If you’re looking to get your feet wet, connect the dots between your nutrition, your sleep, and your exercise, and boost your overall health, the Fitbit Inspire 2 is a top-shelf choice for you! Read on the following Fitbit Inspire 2 review to learn more about this device.
Fitbit Inspire 2 Review
The Fitbit Inspire 2 is available now and costs $99, making it the most affordable Fitbit model besides the kid-friendly Fitbit Ace 3.
Better yet, the Inspire 2 comes with a full free year of Fitbit Premium, which normally costs $9.99 per month or $80 per year. It’s a pretty good hook into the company’s advanced health tracking and coaching services.
The Fitbit Inspire 2 look just like the Inspire HR that it replaces, although it’s actually a little slimmer and loses the physical side button for a touch-sensitive tap or squeeze. It’s a tracker rather than a smartwatch, so it has a monochrome OLED touchscreen display rather than a colour screen that would enable onscreen workouts and smarter apps.
You can now brighten the screen if you want better outdoor visibility, and Fitbit claims it is 20% brighter than the previous generation.
The tracker itself is the central black part of the screen. It is water-resistant up to 50m and comes with two sizes of silicone wristbands included, so you can choose which fits you best. Fitbit lets you print out a guide to finding your right size.
At 37g, it’s lightweight and comfortable.
It has a robust aluminium buckle that is secure – indeed it feels more secure than the new Infinity Band that ships with the top-end Sense and Versa 3 Fitbits.
The Inspire 2 is available with Black, Lunar White and Desert Rose Classic bands – a better selection than with the older Inspire family.
You can also accessorise the Inspire 2 with patterned, leather and stainless steel mesh bands, from £24.99 or US$29.95.
Another option is a £19.99/$19.95 clip that you can attach to a belt, pocket or bra. You need to set it to an On Clip mode, and of course while in the clip it won’t be measuring your heart rate, so you’ll lose a bunch of features but keep the fitness basics (steps, distance, etc).
3. Fitness tracking
Like some pricier trackers, the Inspire 2 offers automatic workout-tracking for select exercise types, although you can easily begin a workout from the exercise app on your wrist. The workout types include but are not limited to running, walking, weights, interval workouts, biking, and swimming. There’s no onboard GPS like on the Fitbit Charge 4, so you’ll need your phone to more accurately tracking your mileage and viewing your route on a map.
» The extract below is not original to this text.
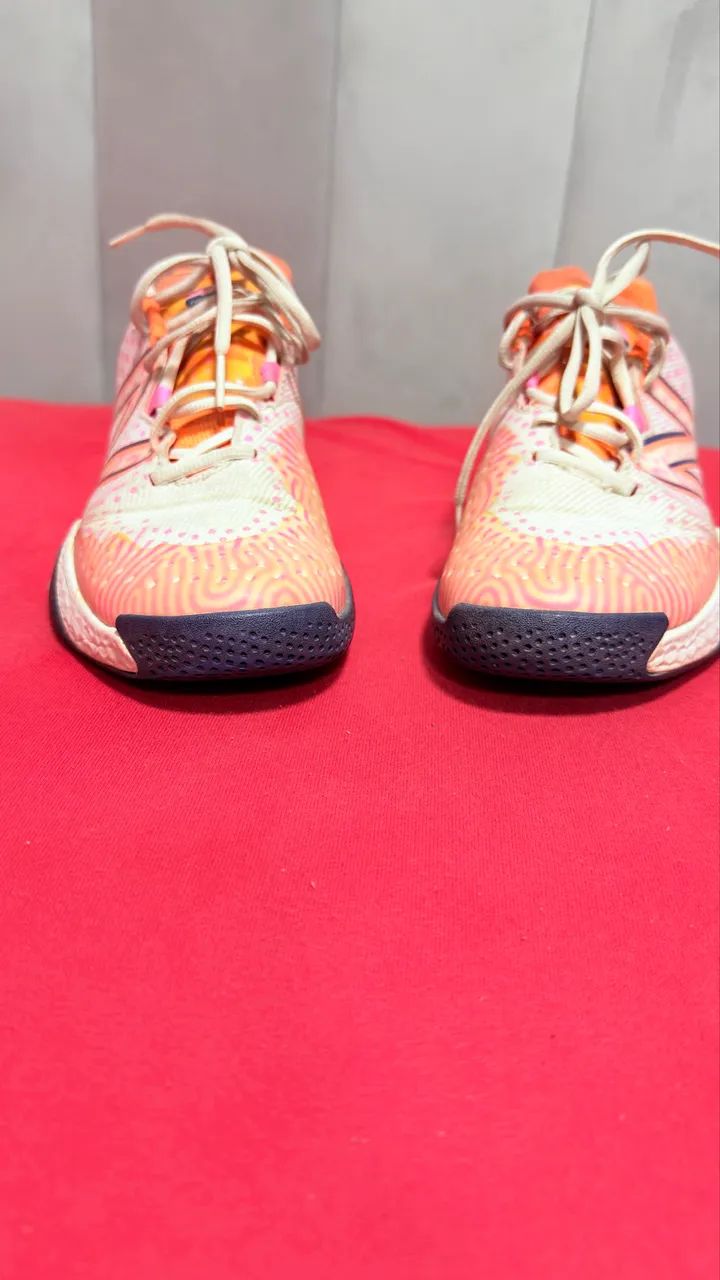 Tênis new balance  - Foto 5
You can’t see all your metrics mid-activity at once, but you can swipe through the exercise app to see calories burned, heart rate, the time elapsed and Active Zone Minutes earned.
For people who are looking to get more motivated, though, Inspire 2 does as its name suggests. You can get encouraging activity reminders and invites for challenges with your Fitbit contacts.
When you activate your included free year of Fitbit Premium, you’ll get even more health and wellness tools. In addition to new mindful meditation sessions with Deepak Chopra, guided nutrition programs, workout plans, advanced sleep-tracking, and more.
4. Health tracking
While you won’t get the kind of innovative health tracking features you’ll find on Fitbit’s new Sense watch, you do have the ability to keep closer tabs on aspects like your mental health as well as access some richer health metrics.
You can continually measure heart rate day and night, which we found offered generally more reliable and accurate readings than monitoring heart rate during exercise.
There’s also access to guided breathing exercises, which offer two or five-minute sessions to focus on your breathing with small vibrations indicating when to breathe in and out.
Fitbit also includes menstrual health-tracking features, which live off the tracker and inside the Fitbit companion phone app.
Like Fitbit’s other devices, you do get access to its Premium service and you’ll get a year’s free trial before you need to pay up to be a member. So what do you get as an Inspire owner? You’ll be able to see breathing rate data and heart rate variability and resting heart rate during sleep.
It will also unlock more features in the new mindfulness section of the app, where you can listen to sessions to get to grips with the basics of meditation.
Something you don’t seem to have access to is the guided programs and more personalized insights that seem to be reserved for more feature-rich Fitbit trackers and watches. Based on our experience, the extras you get with the Inspire don’t feel big enough to warrant paying up.
5. Battery life
The Inspire 2 offers the longest battery life of any Fitbit: a massive 10 days, double that of the Inspire HR it replaces and several days longer than any of the other Fitbits available today.
The charger is different from that of the older Inspire and Inspire HR but works in the same way, clipping firmly to the back of the tracker. It feels a little firmer connection than previously, which helps you know it’s doing its job.
In conclusion, this is the full Fitbit Inspire 2 review that you should read before deciding to buy this device.